Exploring Bloomington's Tie To An American Classic
"The Wizard of Oz" was first published in 1900. It's an American classic, with many knowing the story by heart.
But Candace Summers, education director at the McLean County Museum of History, said there’s a local tie to the story that still surprises some.
“Not many people, even if you’ve lived here all of your life, know the connection Bloomington-Normal, McLean County, has to one of the most beloved stories turned movie in our history,” Summers said.
It starts in 1898. A baby girl is born by the name Dorothy Louise Gage to parents, and Bloomington residents, Sophie Jewell and Thomas Clarkson Gage. Five months and four days later, baby Dorothy died tragically of “congestion of the brain.”
That would have been the end of Dorothy Gage’s story, Summers said, if it weren’t for her aunt and uncle.
After having four sons, Maud (Gage) Baum loved Dorothy “for her very own and loved her devotedly,” Summers explained. “And so when Dorothy passed away suddenly, it was like Maud had lost her own daughter.”
At the time of Dorothy’s death, Maud’s husband, L. Frank Baum, a well-known author, was just putting the finishing touches on his most recent novel.
“He ... decided to memorialize Dorothy Gage by naming the heroine, the main character of the book, after little Dorothy,” Summers said. “So in a way, it was almost like he had imagined her as a teenager having grown up and this was her adventure through this magical tale through the wonderful Land of Oz.”
And so Dorothy Gage became Dorothy Gale.
But the local story has its doubters. Dorothy was a common name at the turn of the century.
“I mean, there really is no answer.

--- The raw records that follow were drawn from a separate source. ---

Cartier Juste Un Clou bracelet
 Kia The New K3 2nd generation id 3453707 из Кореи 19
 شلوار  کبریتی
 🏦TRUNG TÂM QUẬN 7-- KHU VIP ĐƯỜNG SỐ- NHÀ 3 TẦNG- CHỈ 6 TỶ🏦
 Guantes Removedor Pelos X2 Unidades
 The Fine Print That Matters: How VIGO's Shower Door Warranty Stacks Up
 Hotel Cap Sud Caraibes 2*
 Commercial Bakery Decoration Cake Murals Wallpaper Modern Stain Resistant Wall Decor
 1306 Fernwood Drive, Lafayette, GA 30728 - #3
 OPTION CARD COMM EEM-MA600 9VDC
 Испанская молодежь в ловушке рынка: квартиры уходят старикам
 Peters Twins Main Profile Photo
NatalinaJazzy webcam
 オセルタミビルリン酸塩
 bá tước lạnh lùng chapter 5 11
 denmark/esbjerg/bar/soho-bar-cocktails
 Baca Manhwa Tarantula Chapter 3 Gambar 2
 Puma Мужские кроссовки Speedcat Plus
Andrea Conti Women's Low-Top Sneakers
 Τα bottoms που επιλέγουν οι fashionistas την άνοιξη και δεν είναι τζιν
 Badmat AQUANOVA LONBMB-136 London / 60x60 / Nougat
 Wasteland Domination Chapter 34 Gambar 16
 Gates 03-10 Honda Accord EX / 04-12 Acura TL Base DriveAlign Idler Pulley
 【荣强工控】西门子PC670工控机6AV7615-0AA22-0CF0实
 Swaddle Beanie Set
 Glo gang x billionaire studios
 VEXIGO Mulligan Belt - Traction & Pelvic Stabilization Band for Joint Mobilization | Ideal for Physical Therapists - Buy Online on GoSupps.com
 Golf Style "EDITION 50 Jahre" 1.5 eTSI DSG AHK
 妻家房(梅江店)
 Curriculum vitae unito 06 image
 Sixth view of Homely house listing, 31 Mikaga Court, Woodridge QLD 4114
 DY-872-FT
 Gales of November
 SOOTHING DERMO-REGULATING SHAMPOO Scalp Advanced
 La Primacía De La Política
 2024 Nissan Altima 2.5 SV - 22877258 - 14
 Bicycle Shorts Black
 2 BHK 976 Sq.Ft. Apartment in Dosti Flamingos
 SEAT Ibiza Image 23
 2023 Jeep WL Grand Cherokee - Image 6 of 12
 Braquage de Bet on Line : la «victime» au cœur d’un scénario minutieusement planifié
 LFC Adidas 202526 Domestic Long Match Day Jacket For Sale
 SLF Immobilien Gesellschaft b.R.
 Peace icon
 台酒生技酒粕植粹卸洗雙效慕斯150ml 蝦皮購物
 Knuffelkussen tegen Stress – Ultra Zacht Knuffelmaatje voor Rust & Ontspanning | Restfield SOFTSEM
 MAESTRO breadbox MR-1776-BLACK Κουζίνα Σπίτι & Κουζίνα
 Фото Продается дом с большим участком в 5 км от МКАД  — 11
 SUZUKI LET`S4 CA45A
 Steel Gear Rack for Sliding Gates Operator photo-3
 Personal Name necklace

Because we don’t know what he was thinking,” Summers said.
Bloomington has embraced the connection, erecting a monument near the gravesite of Dorothy Gage in Evergreen Memorial Cemetery and naming the children’s section in her honor.
“Nobody is going to forget little Dorothy Gage, not if you have seen the movie, if you have read this book, if you know the story,” Summers said. “Dorothy is going to live on in our minds and our hearts for the rest of whatever.”